(Crawled caption data)
====

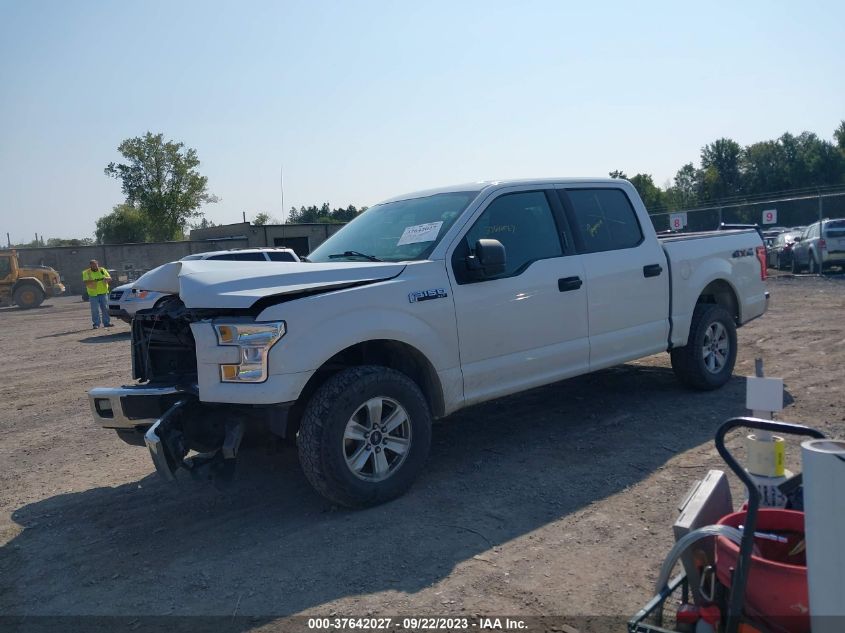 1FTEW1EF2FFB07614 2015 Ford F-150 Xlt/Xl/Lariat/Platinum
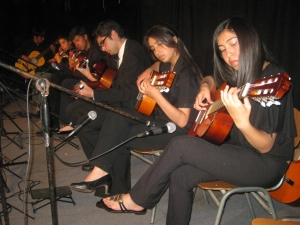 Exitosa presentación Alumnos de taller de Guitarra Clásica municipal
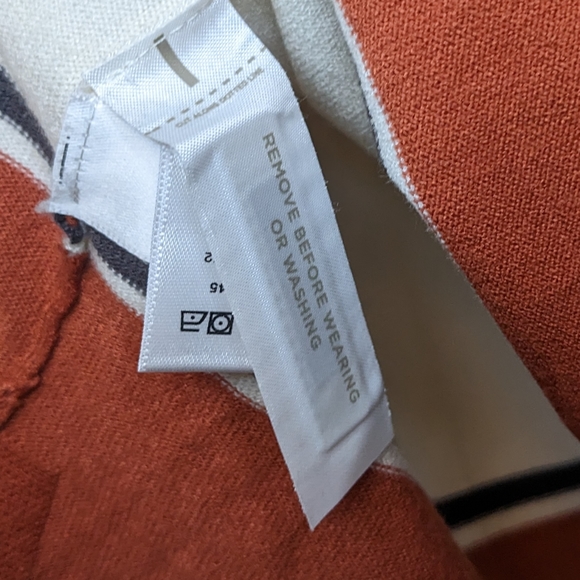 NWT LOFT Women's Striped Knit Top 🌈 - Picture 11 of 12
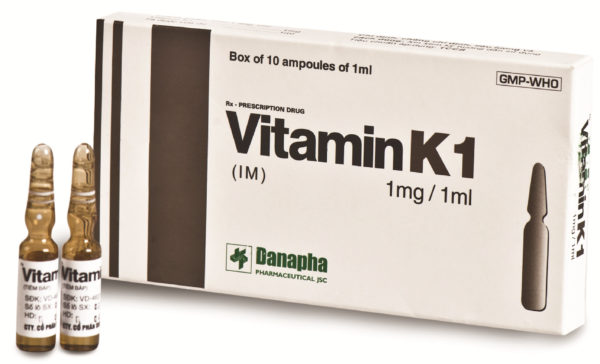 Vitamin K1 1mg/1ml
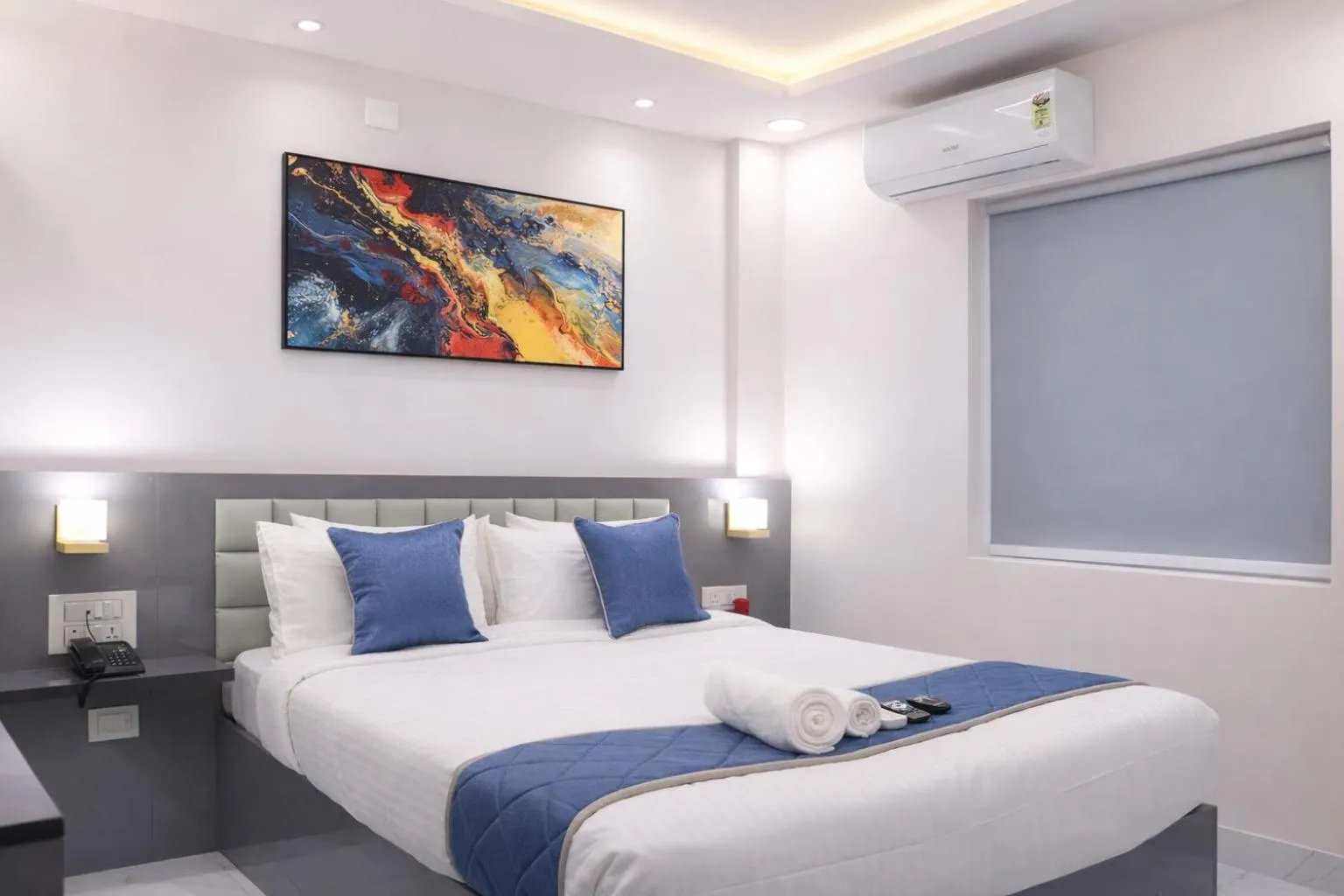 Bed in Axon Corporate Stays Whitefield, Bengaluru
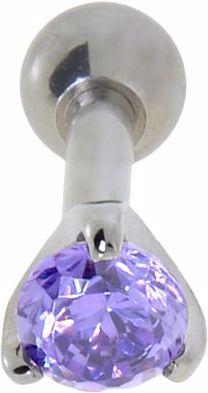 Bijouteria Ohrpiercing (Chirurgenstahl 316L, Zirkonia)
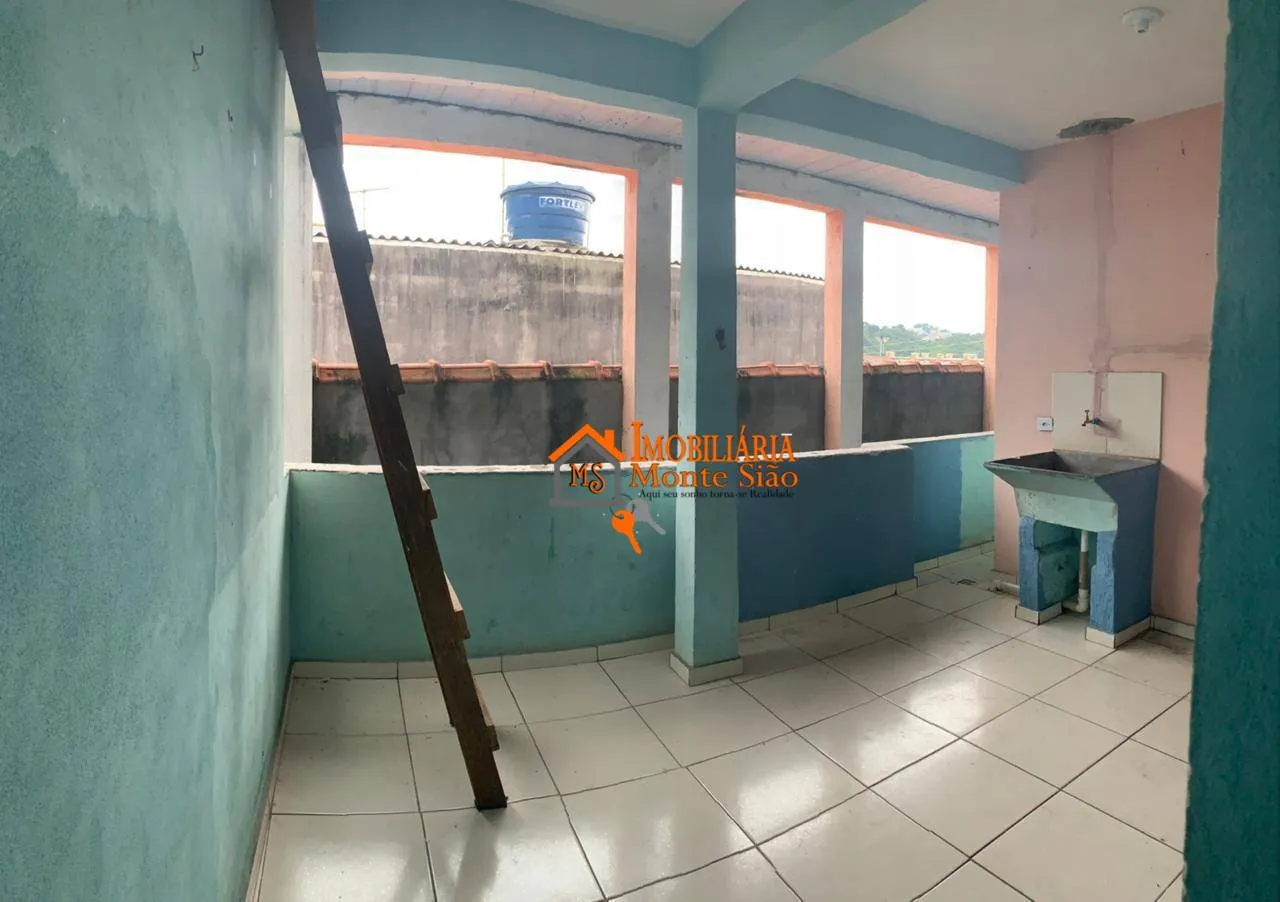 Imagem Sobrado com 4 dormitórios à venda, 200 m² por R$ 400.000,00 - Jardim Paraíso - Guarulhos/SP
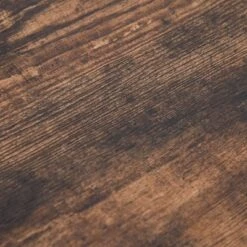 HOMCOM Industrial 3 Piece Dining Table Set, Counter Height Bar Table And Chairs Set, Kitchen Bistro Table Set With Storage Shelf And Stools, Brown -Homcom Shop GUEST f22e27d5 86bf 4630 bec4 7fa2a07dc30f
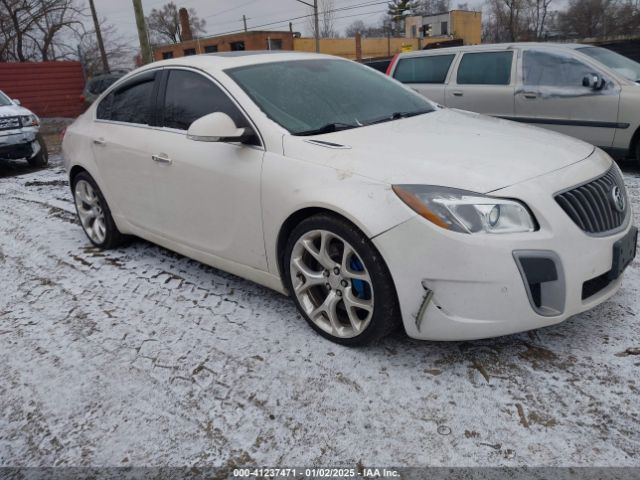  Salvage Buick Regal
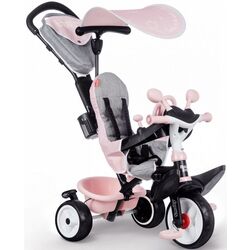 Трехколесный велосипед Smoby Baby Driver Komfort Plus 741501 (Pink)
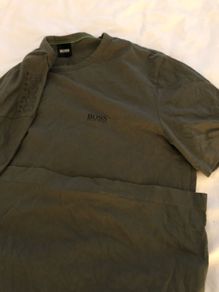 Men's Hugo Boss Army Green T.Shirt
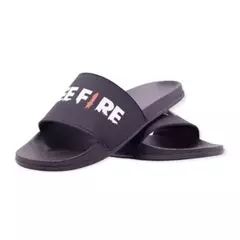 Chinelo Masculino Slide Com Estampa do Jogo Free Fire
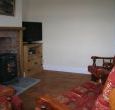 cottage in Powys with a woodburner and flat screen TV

====

PROBLEM STATEMENT.
The answer should contain nothing but the lines from the top of the data above through the line containing "Трехколесный велосипед Smoby", copied exactly, with no images.

ANSWER BOX.
 1FTEW1EF2FFB07614 2015 Ford F-150 Xlt/Xl/Lariat/Platinum
 Exitosa presentación Alumnos de taller de Guitarra Clásica municipal
 NWT LOFT Women's Striped Knit Top 🌈 - Picture 11 of 12
 Vitamin K1 1mg/1ml
 Bed in Axon Corporate Stays Whitefield, Bengaluru
 Bijouteria Ohrpiercing (Chirurgenstahl 316L, Zirkonia)
 Imagem Sobrado com 4 dormitórios à venda, 200 m² por R$ 400.000,00 - Jardim Paraíso - Guarulhos/SP
 HOMCOM Industrial 3 Piece Dining Table Set, Counter Height Bar Table And Chairs Set, Kitchen Bistro Table Set With Storage Shelf And Stools, Brown -Homcom Shop GUEST f22e27d5 86bf 4630 bec4 7fa2a07dc30f
  Salvage Buick Regal
 Трехколесный велосипед Smoby Baby Driver Komfort Plus 741501 (Pink)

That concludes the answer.